Representatives of U.S. religious and human rights organizations called for the Salvadoran government to reopen the investigation of the 1980 killing of three U.S. nuns and a lay missionary.
It is important to "ask the Salvadoran government and prosecutors to open this case, so that the masterminds of this crime do not walk free, with impunity," said Claire White, who came on behalf of her father, former Ambassador Robert White, who died in January.
White told Catholic News Service the U.S. government should pressure the Salvadoran authorities to do a proper investigation and not let the intellectual authors go unpunished.
On Dec. 2, 1980, Maryknoll Sisters Maura Clark and Ita Ford, Ursuline Sister Dorothy Kazel and lay missionary Jean Donovan were abducted, raped and murdered by members of the National Guard, when the North Americans traveled by car from the airport. Civil war in El Salvador had erupted earlier that year. The churchwomen were in El Salvador to work with refugees of that conflict, but were regarded as leftist by the government.
The U.N. Truth Commission, established in 1992 to investigate cases of political violence during the civil war, concluded that then-Col. Eugenio Vides Casanova, director of the National Guard, knew that a unit from his command had carried out the assassinations and facilitated the concealment of the facts, which hampered the investigation. In 1984, four guardsmen were found guilty of the killings and convicted to 30 years in prison, but those who planned the murders and gave the orders have never been brought to justice, said some of the more than 100 North Americans who traveled to El Salvador to commemorate the 35th anniversary of the murders.
"There may be justice if we North American women go back and do what we need to do in terms of strategizing to make that happen," Ursuline Sister Janet Marie Peterworth of Louisville, Kentucky, told CNS during a Nov. 30 memorial service held in San Salvador's Parque Cuscatlan.
She recalled the last letters she received from Donovan from El Salvador and added, "It's cold and rainy in December in the States, and I can't stop thinking of Jean Donovan and what she said in one of her last correspondence: 'I would come home, but where else can you find roses in December?'"
"She did not come home, she decided to stay," she added, with tears rolling down her cheek.
Sister Peterworth said Donovan used to say that the Salvadoran military would not kill "an American blond."
"But they did," Sister Peterworth added.
Isabel Hernandez, El Salvador office director of the SHARE Foundation, said: "We don't want revenge because we are Christians, but we do want justice, the truth, we want to know who gave the order." She said the 1992 Salvadoran amnesty law must be repealed because it protects those responsible for the murders of the churchwomen and many other victims.
In 2002, Vides Casanova and former Defense Minister Jose Guillermo Garcia, who were both granted residence in the United States, were found responsible by a Florida jury in a federal civil case for the torture of three Salvadorans.
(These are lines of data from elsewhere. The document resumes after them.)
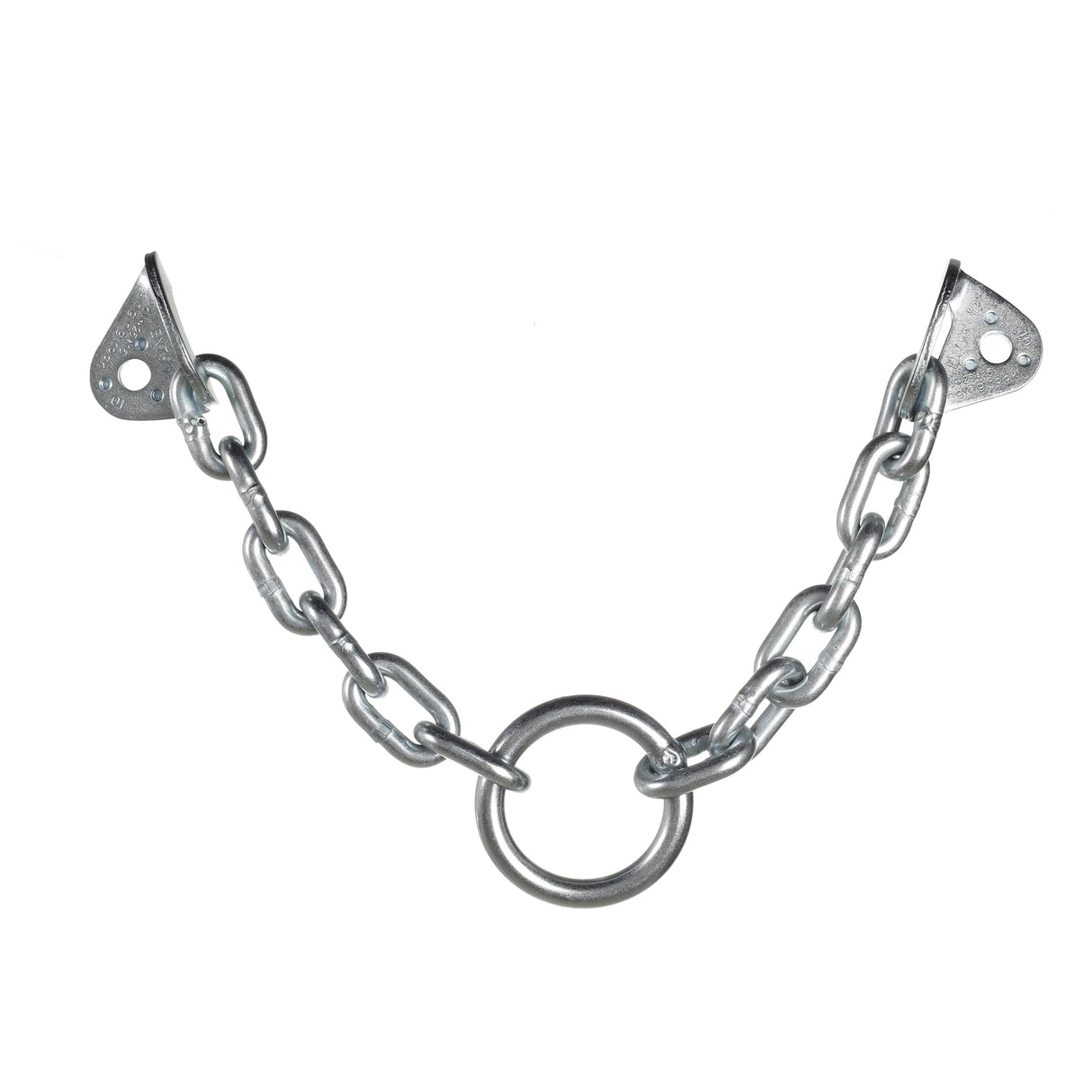 SINGING ROCK - Rappeling Station 12mm with Zinc Plating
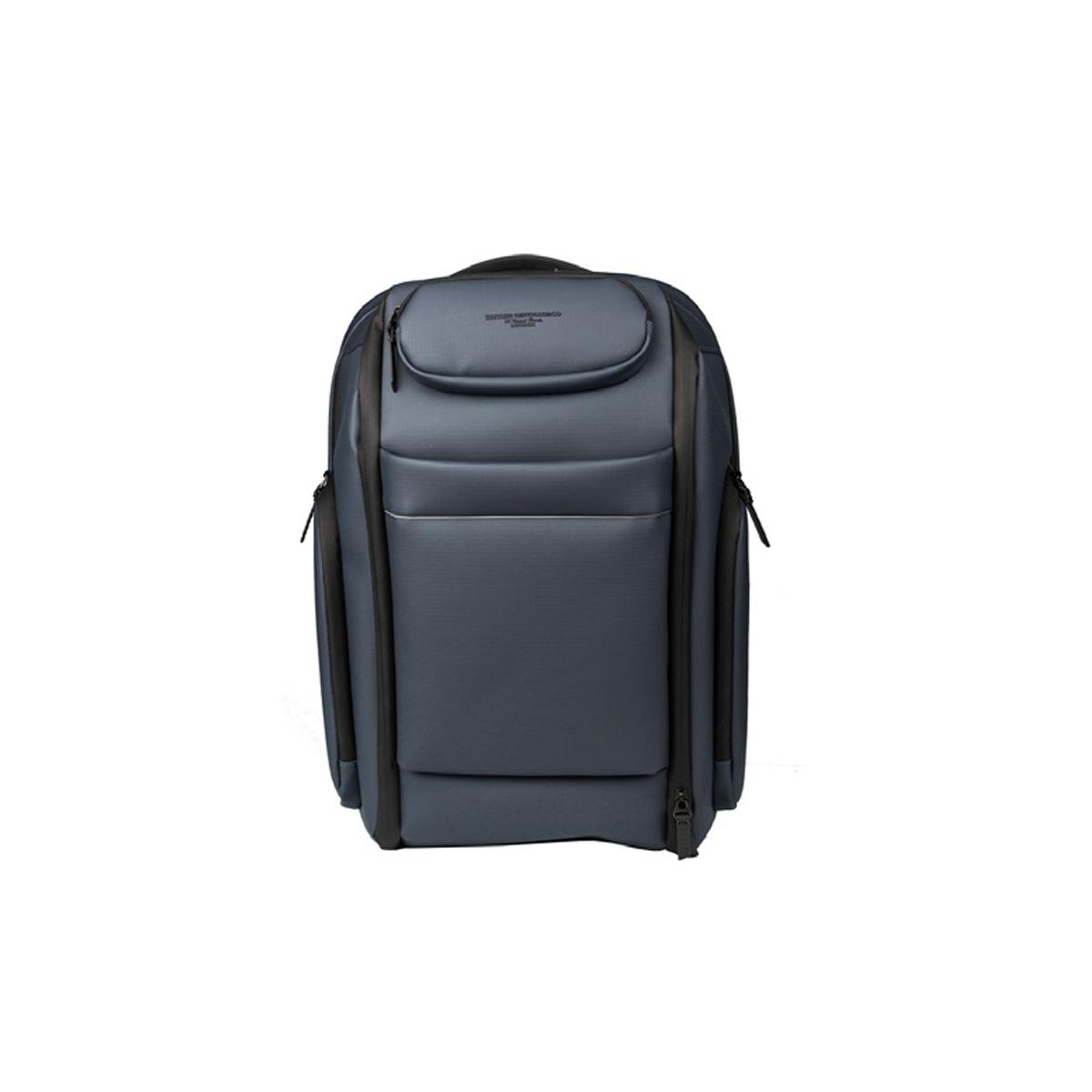 Zaino alpha elite navy blue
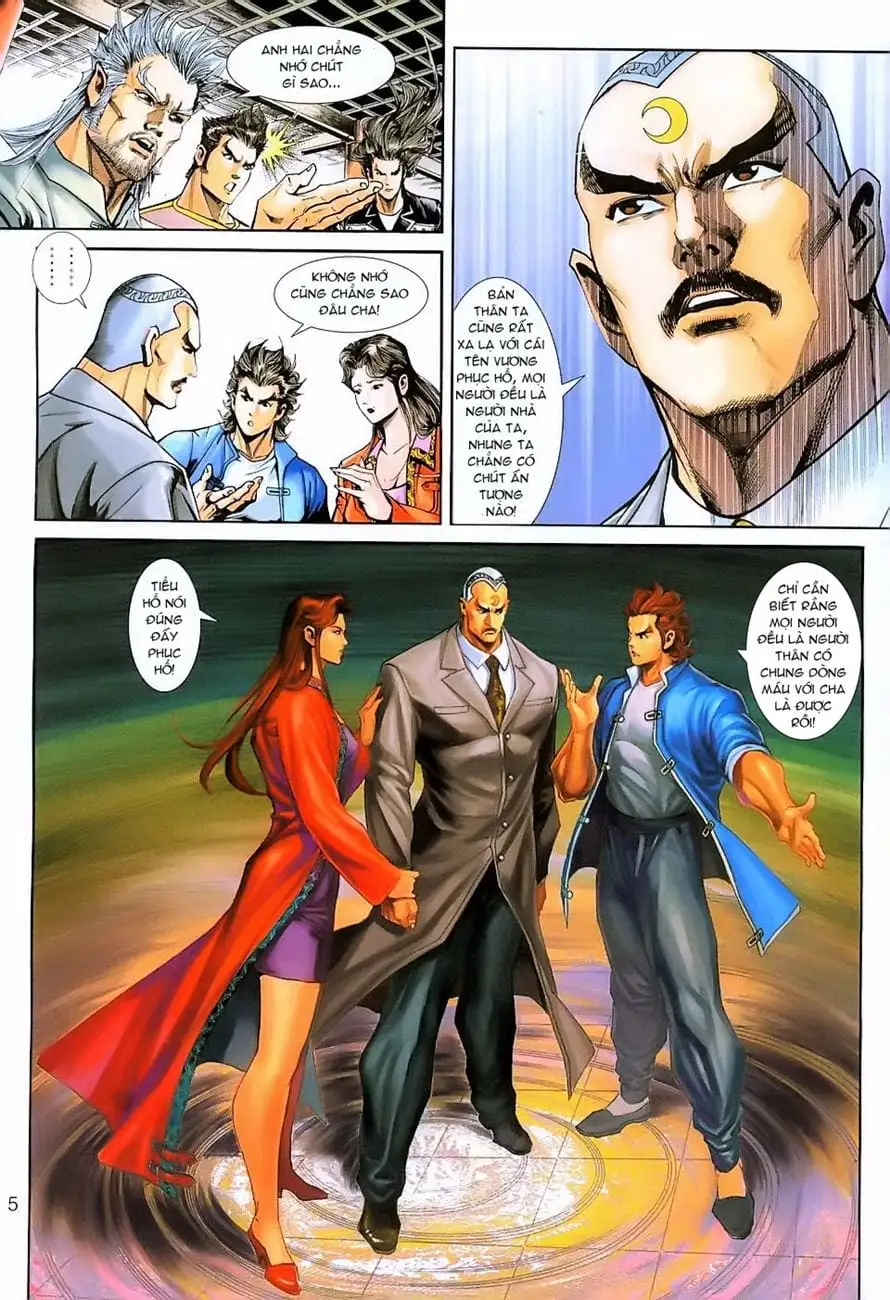 Chapter 384 - Image 4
In April 2015, Vides Casanova was deported to El Salvador for participating and assisting the torture and assassination of thousands of victims, including the four churchwomen.
The four guardsmen were convicted because they were not eligible for amnesty, as their case was regarded as nonpolitical.
During the current visit, U.S. delegates visited the tomb of Archbishop Oscar Romero, assassinated in March 1980. They also went to Central American University, where six Jesuit priests and two women were killed in November 1989 by a military unit.
On Dec. 2, they were to travel to Santiago Nonualco, a small town in La Paz department, to attend a memorial service at the very spot where the three nuns and the lay missionary were shot dead.